Dataset excerpts:
+++
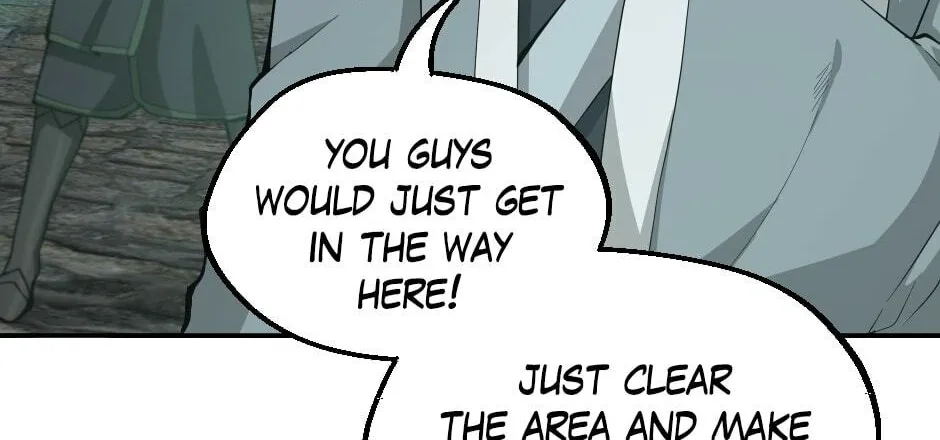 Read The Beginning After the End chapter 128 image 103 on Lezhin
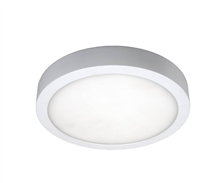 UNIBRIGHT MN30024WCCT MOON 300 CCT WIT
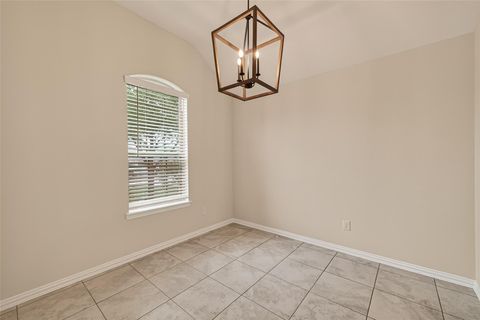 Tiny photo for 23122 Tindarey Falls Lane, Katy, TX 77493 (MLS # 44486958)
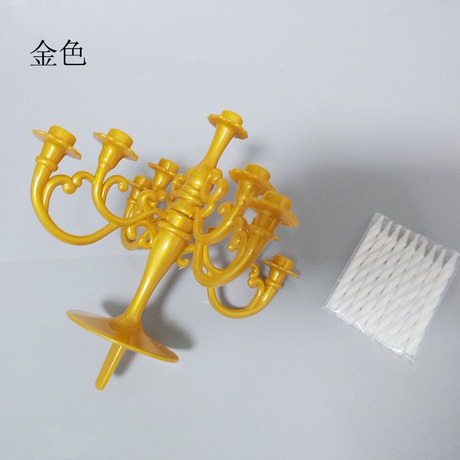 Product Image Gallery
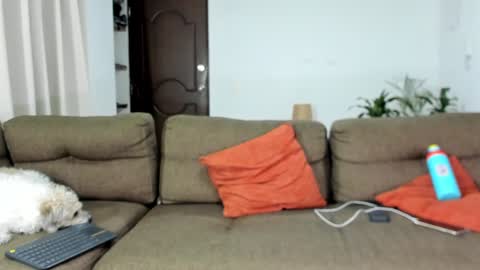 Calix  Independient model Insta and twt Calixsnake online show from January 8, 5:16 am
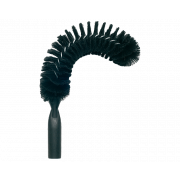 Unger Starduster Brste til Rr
+++
WORK TASK: The data must come back word for word, with every picture removed.

EXERCISE SOLUTION:
 Read The Beginning After the End chapter 128 image 103 on Lezhin
 UNIBRIGHT MN30024WCCT MOON 300 CCT WIT
 Tiny photo for 23122 Tindarey Falls Lane, Katy, TX 77493 (MLS # 44486958)
 Product Image Gallery
 Calix  Independient model Insta and twt Calixsnake online show from January 8, 5:16 am
 Unger Starduster Brste til Rr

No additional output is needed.